[Esip-documentation] ACDD 1.3 issue: date & time stamps

Armstrong, Edward M (398M) via Esip-documentation esip-documentation at lists.esipfed.org
Wed Oct 8 20:52:46 EDT 2014


I personally find the proposed attributes:

date_content_modified, date_values_modified,

not too terribly useful since if data values were modified this would imply for my data organization a new version of the dataset in a completely independent granule.

I think most data providers are similar for satellite data packaging, i.e., they never go back and change the values in an existing granule.

Perhaps others have need for these as part of web services that may make modifications to a granule.

Besides the attribute “id:” there does not seem to be an way to set an explicit product version number in the ACDD. Would a “version:” or “processing_version:” attribute not be a good addition?

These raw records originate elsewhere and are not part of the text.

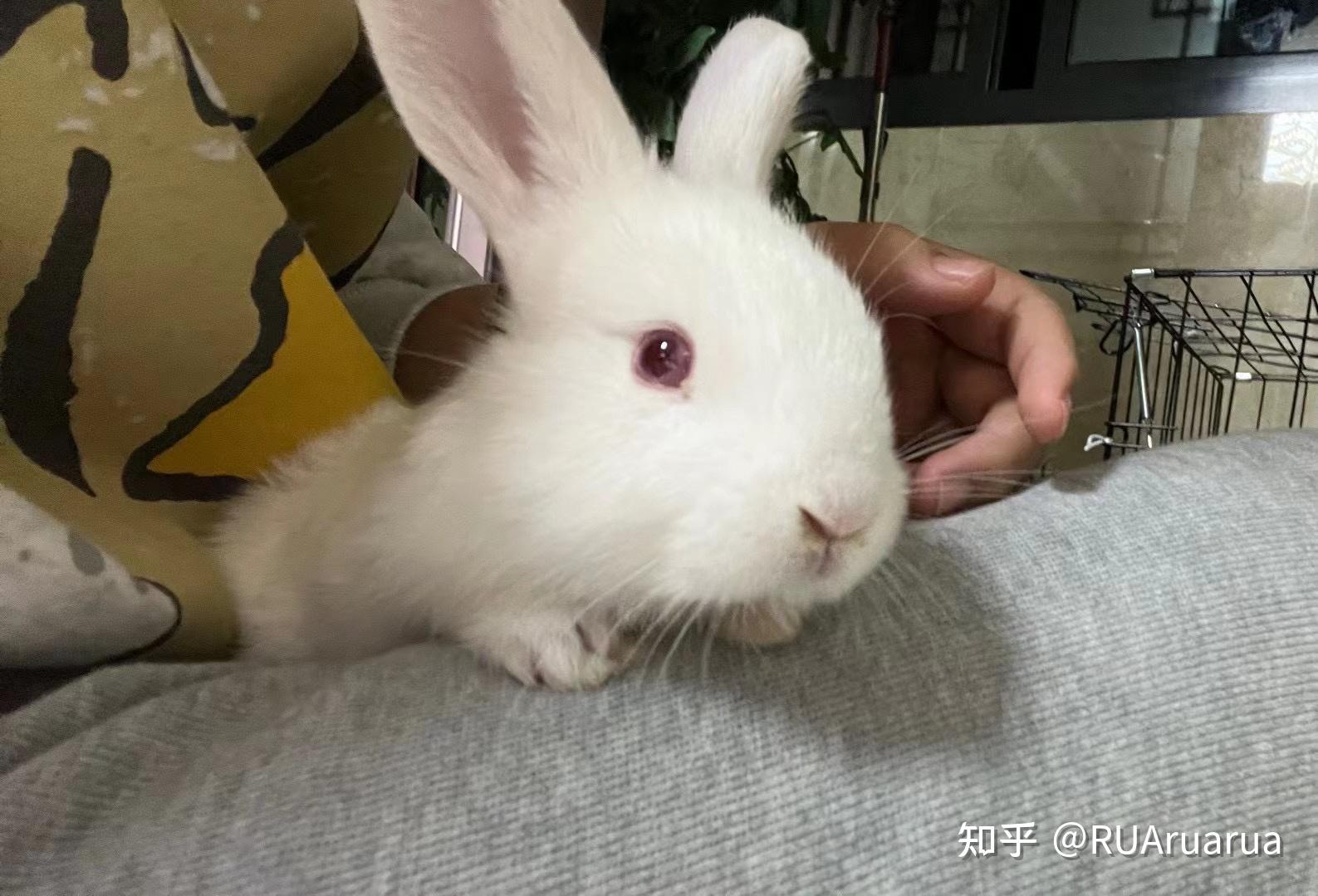 养兔子需要注意什么事项? - 知乎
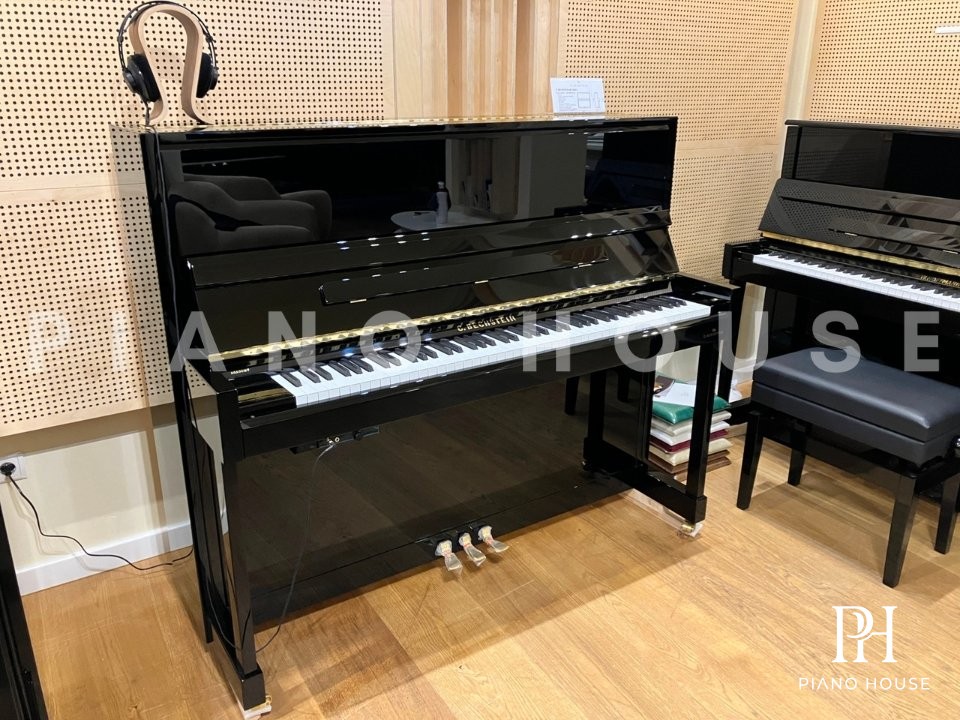C. Bechstein Academy A6 Solid Spruce Soundboard Matrix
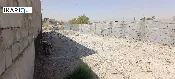 أرض للبيع في ابي الخصيب - 500 م² / 80,000,000 IQD — صورة 2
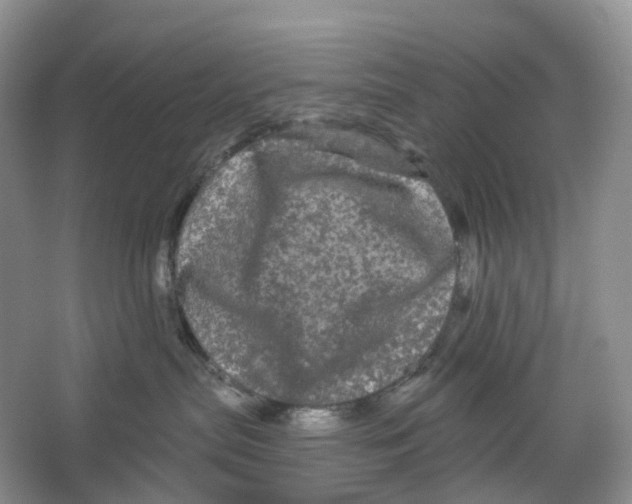 X0000066120287200603311544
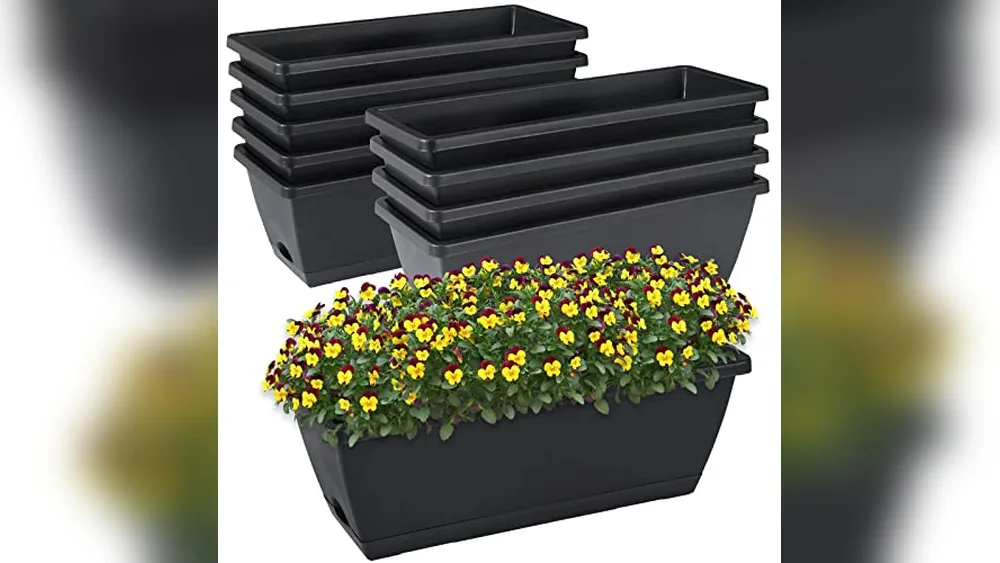 Best Plants for Box Planters
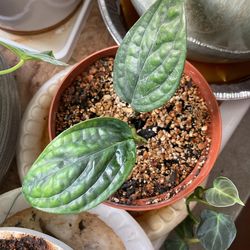 Monstera Peru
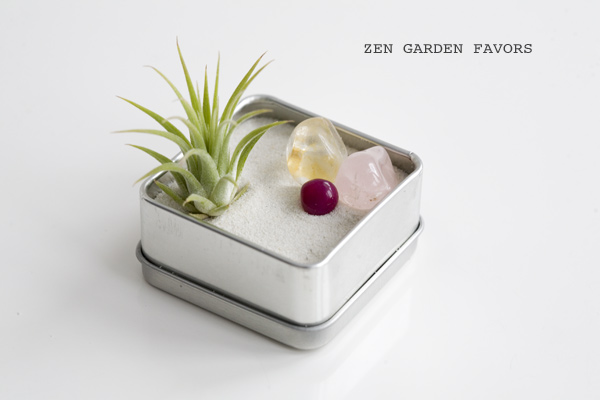 Mini Succulent Zen Garden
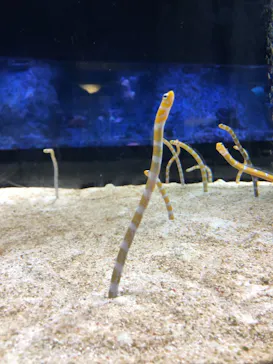 すみだ水族館に投稿された画像（2021/8/23）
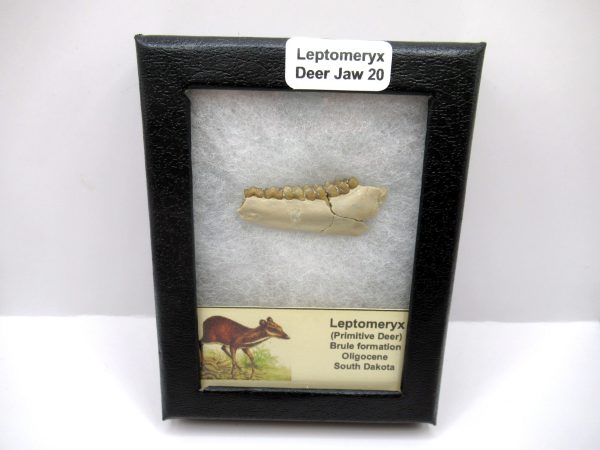 Genuine Oligocene Age Leptomeryx Deer Jaw Fossils From Nebraska For Sale #20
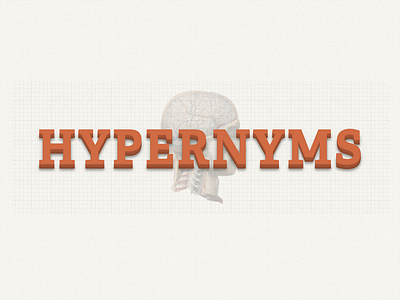 Hypernyms 3d branding css diagram grid hypernyms medical orange serif typography white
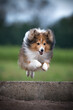 shetland sheepdog running and jumping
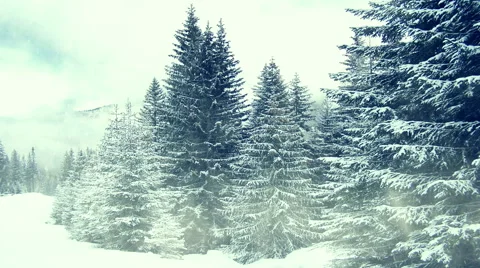 Snowing on trees. Winter in mountains. Seamless Stock Footage 44253319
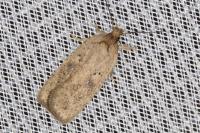 Agonopterix scopariella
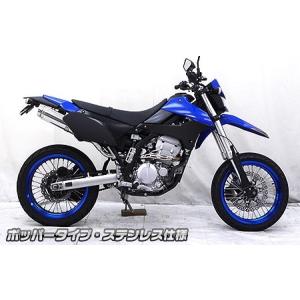 RSV アールエスブイ 4ストシリーズIIIサイレンサーアップタイプ KLX250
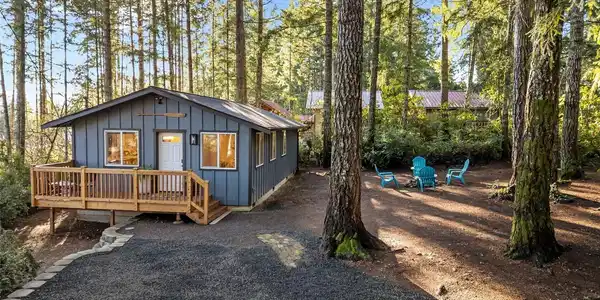 50 Cedar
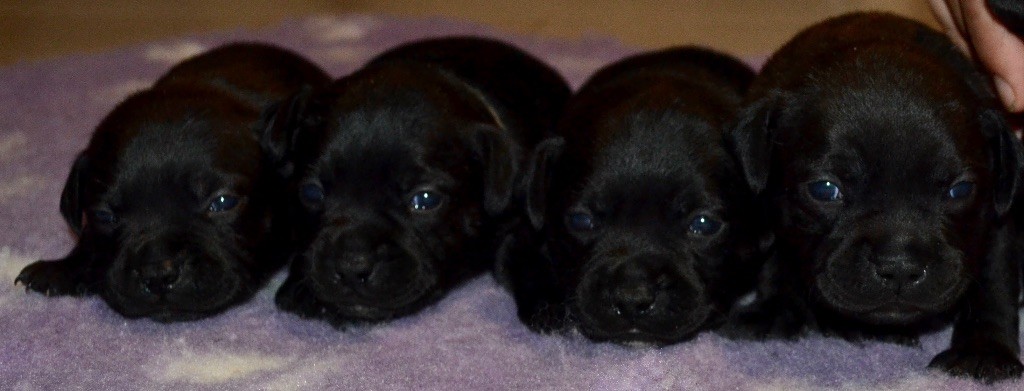 Chiot Staffordshire Bull Terrier Skillstaff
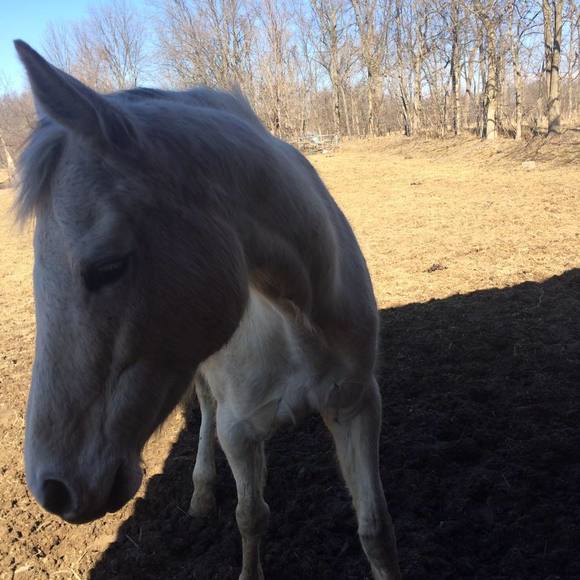 Meet your Posher, Jillian - Picture 1 of 1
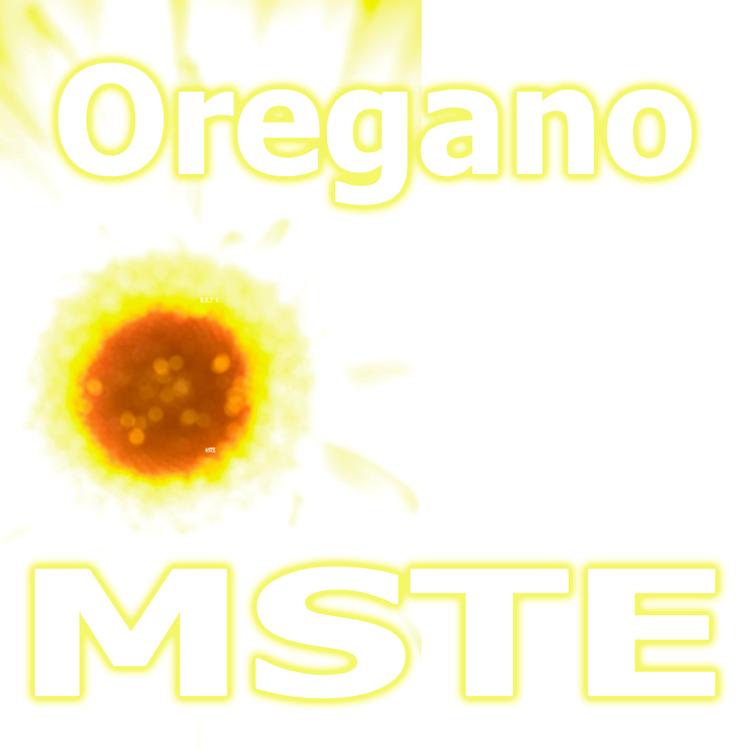 MSTE's avatar image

On Oct 7, 2014, at 2:41 PM, Bob Simons - NOAA Federal via Esip-documentation <esip-documentation at lists.esipfed.org<mailto:esip-documentation at lists.esipfed.org>> wrote:

While there are lots of types of artifacts that could be date/timestamped and thus lots of terms for them, isn't that irrelevant?
Doesn't a given set of ACDD metadata apply to the data it is attached to (e.g., a file, a file with a granule, a file with a collection, a virtual aggregated dataset in THREDDS, near real time, delayed)?
And if we use an attribute name with an artifact name, e.g., date_file_modified, doesn't that become an anachronism when the dataset is served in THREDDS?  And doesn't an attribute name that doesn't specify the artifact (e.g., date_modified) remain relevant and appropriate?

On 2014-10-07 1:59 PM, John Graybeal via Esip-documentation wrote:
For the issue of date and time stamps, I've tried to distill the key approaches and issues from emails into the Active Issues<https://docs.google.com/spreadsheets/d/19fl5AgGkckG03yTchUjYUp4YnR09Fn1Nqps2KHenkC4/edit#gid=0> table (item 9, starts row 71), mostly focusing on concrete proposals. These are my conclusions so far.

1) Beyond the key 3-4 terms, the need for any particular term is small; but many need or want *some* other term(s).
2) Thus, considering the 'useful' use cases will create a big set of functions or 'date types', somewhere between Jim's initial list and the ISO list.
3) The number of artifacts that we are considering timestamping (file, data, etc.) is shorter but more than 2; reference list below. This is a multiplier against the list of useful functions.
4) "I'd like to keep things lean and flexible, and not build out a complex taxonomy unless we really need one." (Jim B,)

This sends me back to the original 3 terms date_*  (created, modified, issued) as a necessary starting point. My strong suspicion is that casual users assume date_* terms (with no artifact) refer to the whole file/product, not just the data. So I suggest the default definitions go that direction, rather than Bob's proposal. But I'll settle for anything explicit.

I note as a matter of process that if we do not achieve consensus on a useful collection of date/time stamps, we will be stuck with the original definitions + whatever modifications can get 70% vote. This adds to my initial focus on whether we can improve the first 3 definitions, as that will affect how we consider other needed functions.

John



Terms mentioned for the artifact to be date/timestamped (with nominal synonyms by me; they aren't perfect but represent large conceptual overlaps):
- file = product ~ granule instance (Jim, I think your list of artifacts should include one corresponding directly to file)
- data = values;
- metadata = attributes;
- static dataset;
- near real-time dataset;
- collection;
- granule;
- resource ("The term resource is used in 19115-1 as a replacement for dataset in order to emphasize that metadata can be used at many levels and for many kinds of things.")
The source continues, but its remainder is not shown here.